An input macro would make this so much simpler:

fn main() {
    let name = input!("Input your name: ");
    let age = input!("Input your age: ");

The last block of code is the most clear and concise, and can be taught right alongside usage of print! and println!, making beginning code examples much more interactive. It should take formatting arguments for printing the prompt just like its output counterparts. Called with no arguments, it should print nothing and wait for a line.

This macro can fail internally on unwrap, but print! and println! also fail internally if there was an error printing to stdout, so it’s not really a new issue.

This shouldn’t be a breaking change, except for code that uses a third-party input! macro, which would likely be redundant with this change anyways.

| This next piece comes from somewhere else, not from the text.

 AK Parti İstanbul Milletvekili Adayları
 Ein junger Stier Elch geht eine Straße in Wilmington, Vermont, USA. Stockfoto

  • Improve interactiveness in beginner examples
  • Reduce noise and boilerplate in code that interacts bidirectionally (input and output) with the user


  • Another macro to implement, maintain, and teach
  • Still requires type conversion for any input other than String.
    • Type conversion should be taught early anyways.


  • Do nothing
    • All existing problems with the current approach remain, but no additional effort required.
  • A non-allocating input_line() function exported in prelude that returns String.
    • Still requires separate prompting


Why does this need to be a macro? println! needs to be a macro because it takes a variable number of arguments and does typechecking based on the contents of a string literal. What’s input doing that a function can’t? And how does it resolve the handle-efficiency issue?


I just added that the macro should take formatting arguments for printing the prompt. For example:

let default = 5u;

let input = input!("Enter the number of apples to buy ({}): ", default);

let count = from_str::<uint>(input[]).unwrap_or(default);

That’s not a very good example but I’m sure the functionality would see quite a bit of use.

print! uses a private task-local handle to stdout so it doesn’t have to allocate on every invocation:

input! could do the same thing with stdin, and use with_task_stdout to print the prompt.


I had an RFC for something similar a while back - The conclusion was that we should implement something and get some experience before adding it to the libraries. I.e., the implementation should precede the RFC. I think the same thing holds for input!.

I did actually start an implementation, but it was hard work refactoring format! and I ran out of time. I should pick this up again at some point…


I think your RFC extended a bit too far. That’s probably why they wanted to see it in a library first. This is one macro for a specific, but common use that fits into the existing API.